Yerden kopartılan bu tek katlı yapı, insan, doğa ve teknoloji arakesitinde farklı deneyim mekanları sunuyor. Cephe yapının çevresi için yansıtıcı bir role bürünürken, iç mekan için tül perde gibi nazik bir çeper oluşturuyor. Sınırların muğlaklaştırıldığı fuaye alanı, avlu cephesiyle ziyaretçilerini karşılıyor. Kafeterya ve çok amaçlı salona uzanan bu mekan dizisi, farklı organizasyon, etkinlik, panel ve atölye çalışmalarına ev sahipliği yapabilecek bir altyapı ile tasarlanmış.

Betonarme imalatın bir uzantısı olan ve yapının dört köşesinde bulunan betonarme çekirdekler, zemin kata hizmet veren altyapı mekanları ve düşey sirkülasyonlar ile işlevlendirilmiş. Tüm yapı üst örtüsünü taşıyan yapısal çelik elemanlar ise bu betonarme bloklar ile birlikte çalışarak, zemin kattaki şeffaflığın artmasına olanak sağlıyor.

Cephenin tasarımındaki karşıt durumun bir benzeri yapının avluda da devam ediyor. Yapının merkezinde, bölgedeki kurak dokuya tezat oluşturan zengin bir peyzaj avlusu konumlandırılmış. Bu avlu, yapıdaki çalışma alanları ve ortak alanlara açılan yeni bir cephe yaratırken, zengin peyzajıyla adeta bir vaha oluşturuyor. Bölgenin endemik, en az sulama ve bakım ihtiyacı gerektiren bitki türleri seçilerek, sürdürülebilir bir mikroklima tasarlanmış. Sert iklim koşullarına karşı korunaklı bir dinlenme ve etkinlik alanı olarak işlevlendirilen avlu, aynı zamanda yapının tüm sirkülasyon alanlarını ve mekan hiyerarşilerini belirliyor. Çeperinde yer alan sirkülasyon alanlarını şekillendirirken, yapının özel ve ortak alanlarını ayrıştırıyor.

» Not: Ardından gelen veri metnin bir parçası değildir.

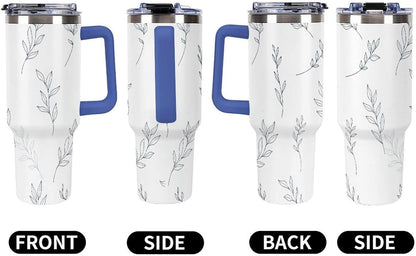 Leakproof Car Cup Vacuum Sealed With Lid For Office Crystal Clear Blue Water Ripple Print Drinkware Light Rose Red-style-5 - Colors C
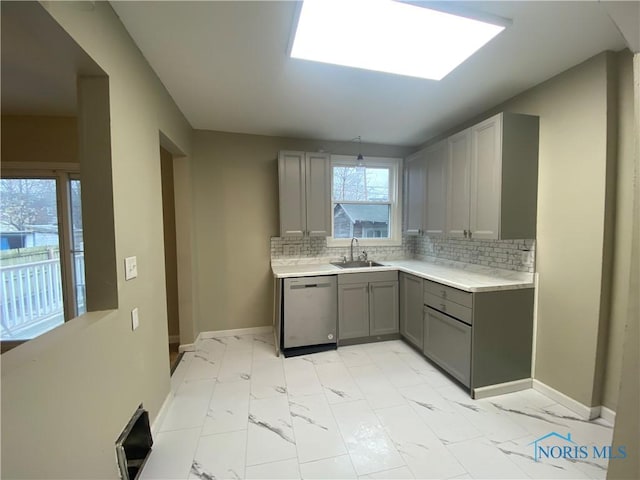 kitchen featuring backsplash, sink, a skylight, stainless steel dishwasher, and gray cabinets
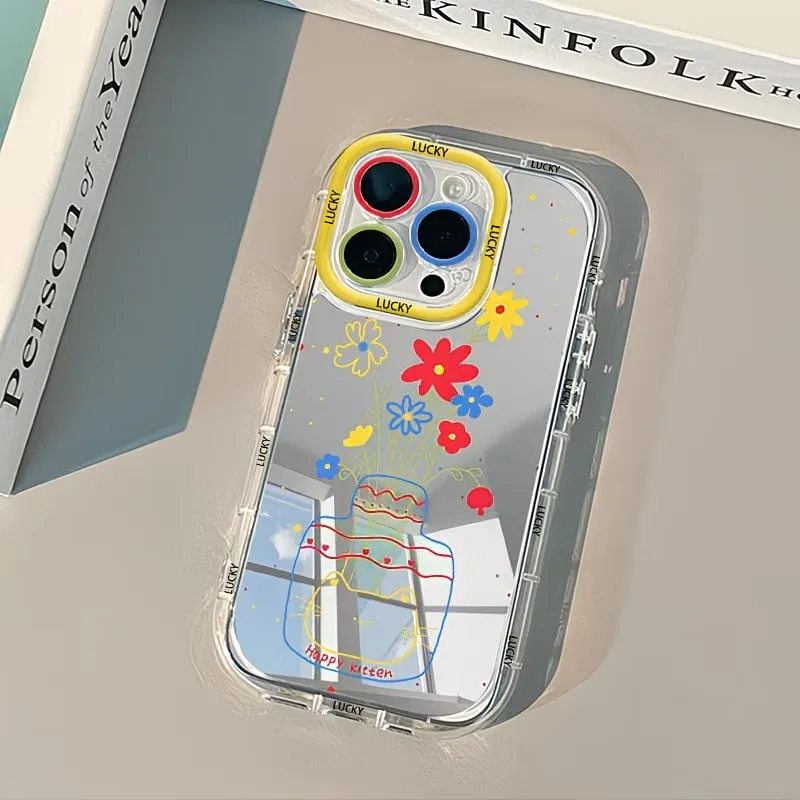 Summer Daisy Cat Vase Design Mirror Phone Case For iPhone 17 13 11 12 14 15 16 Pro Max Plus 17E 16E XR XS 8 7 Plus SE Soft Cover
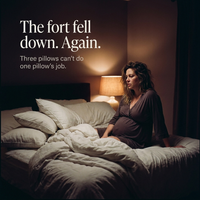 The fort fell down. Again. — 3 a.m. with collapsed ordinary pillows, before the Tendra Cradle Core
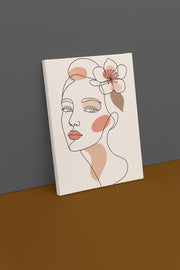 Line Art Vrouw met Bloemen Canvas Schilderij 75x100 cm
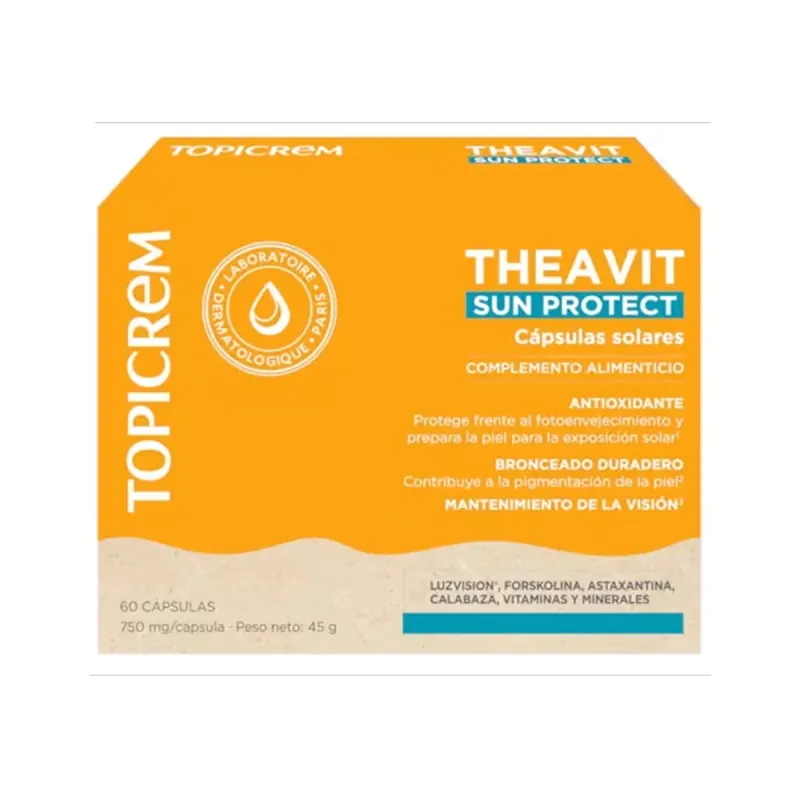Topicrem AH cápsulas solares Theavit solar, 60 capsulas.| Farmacia Barata Topicrem AH cápsulas solares Theavit solar, 60 capsulas.| Farmacia Barata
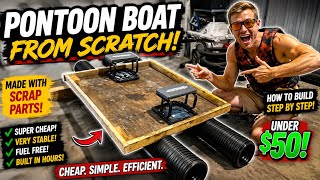 Homemade Pontoon Boat! Under $50 Works Great!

Avlu, yapının fonksiyonel bir parçası olmasının yanı sıra, pasif bir iklimlendirme aracı oluyor. Yaz aylarında büyük gölgeleme alanları oluşturan ağaçlar, olabildiğince şeffaf tasarlanan avlu cephesinden giren ısıyı engellerken, kış aylarında yapraklarını döktükten sonra yapının ısınmasına katkı sağlıyor. Mekanik ısıtma ve soğutma sistemlerinin verimliliğine destek oluyor. Su ihtiyacı ise yağmur sularının toplanması ve depolanması aracılığı ile karşılanıyor.

Yapının çatısı, avlunun devamı olarak ele alınmış. İç sirkülasyonun bir uzantısı olan avlu, aynı zamanda yapı terasına ulaşan rotayı tanımlıyor. Yoğun peyzaj arasından terasa uzanan merdivenler, barındırdığı oturma düzeni ile avlu merkezinde bir etkinlik alanı oluşmasını sağlıyor. Yapı terası ise, bu rotanın nihai hedefini tanımlıyor. Tüm santralin gözlemlenebildiği bu alan, göz hizasını geçen hiçbir yapısal eleman olmaksızın 360 derecelik bir panorama sunuyor. Aynı zamanda yeşil çatı, yapı için verimli bir yalıtım katmanı oluşturuyor.